--- Material provided Enclosed Below ---

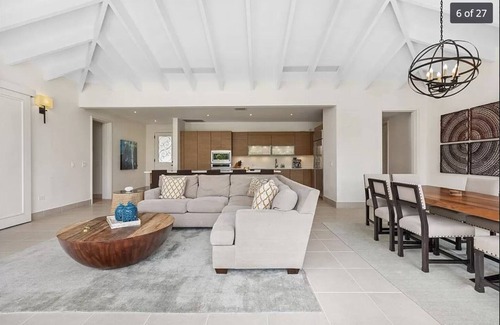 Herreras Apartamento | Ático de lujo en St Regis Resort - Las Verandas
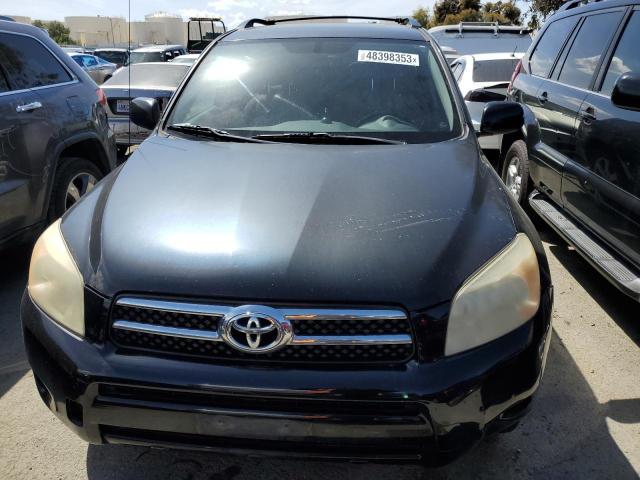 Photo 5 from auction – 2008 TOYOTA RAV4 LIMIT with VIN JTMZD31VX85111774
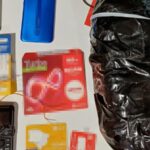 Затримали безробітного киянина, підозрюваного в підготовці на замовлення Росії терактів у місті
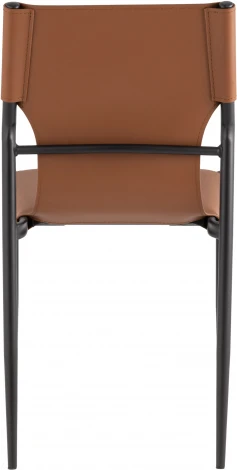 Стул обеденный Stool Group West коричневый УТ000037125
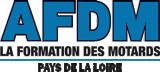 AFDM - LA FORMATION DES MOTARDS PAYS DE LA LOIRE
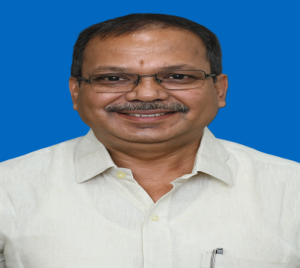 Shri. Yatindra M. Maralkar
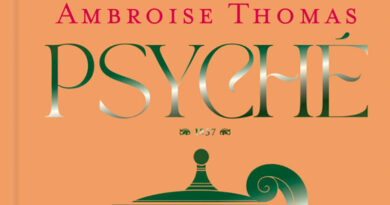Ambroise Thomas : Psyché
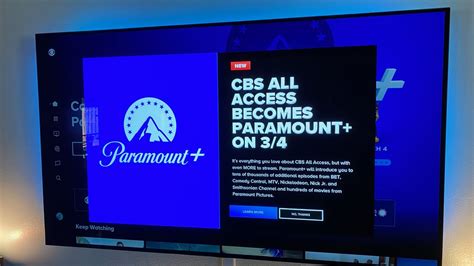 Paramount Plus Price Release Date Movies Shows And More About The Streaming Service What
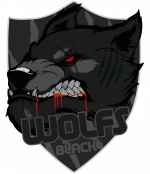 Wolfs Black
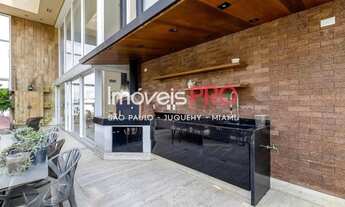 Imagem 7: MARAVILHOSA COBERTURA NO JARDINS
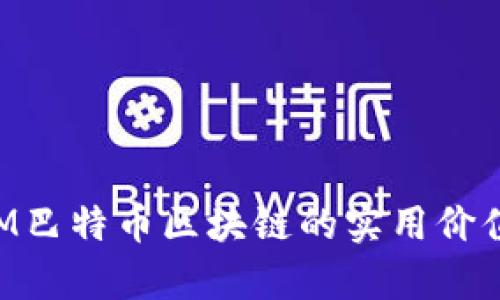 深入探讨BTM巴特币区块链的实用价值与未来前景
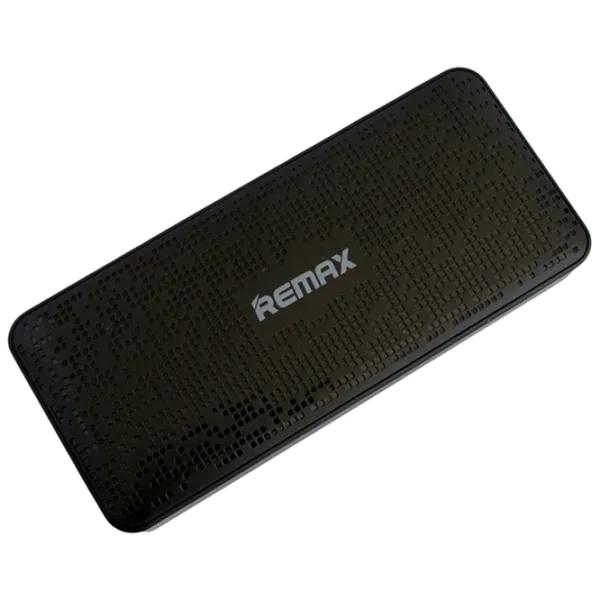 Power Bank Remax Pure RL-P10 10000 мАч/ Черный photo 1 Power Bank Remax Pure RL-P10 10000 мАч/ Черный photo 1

--- End of Enclosed Material provided ---

→ What this task involves: Every line above should be retyped exactly; the pictures do not belong in the copy.

→ Answer below:
 Herreras Apartamento | Ático de lujo en St Regis Resort - Las Verandas
 Photo 5 from auction – 2008 TOYOTA RAV4 LIMIT with VIN JTMZD31VX85111774
 Затримали безробітного киянина, підозрюваного в підготовці на замовлення Росії терактів у місті
 Стул обеденный Stool Group West коричневый УТ000037125
 AFDM - LA FORMATION DES MOTARDS PAYS DE LA LOIRE
 Shri. Yatindra M. Maralkar
Ambroise Thomas : Psyché
 Paramount Plus Price Release Date Movies Shows And More About The Streaming Service What
 Wolfs Black
 Imagem 7: MARAVILHOSA COBERTURA NO JARDINS
 深入探讨BTM巴特币区块链的实用价值与未来前景
 Power Bank Remax Pure RL-P10 10000 мАч/ Черный photo 1 Power Bank Remax Pure RL-P10 10000 мАч/ Черный photo 1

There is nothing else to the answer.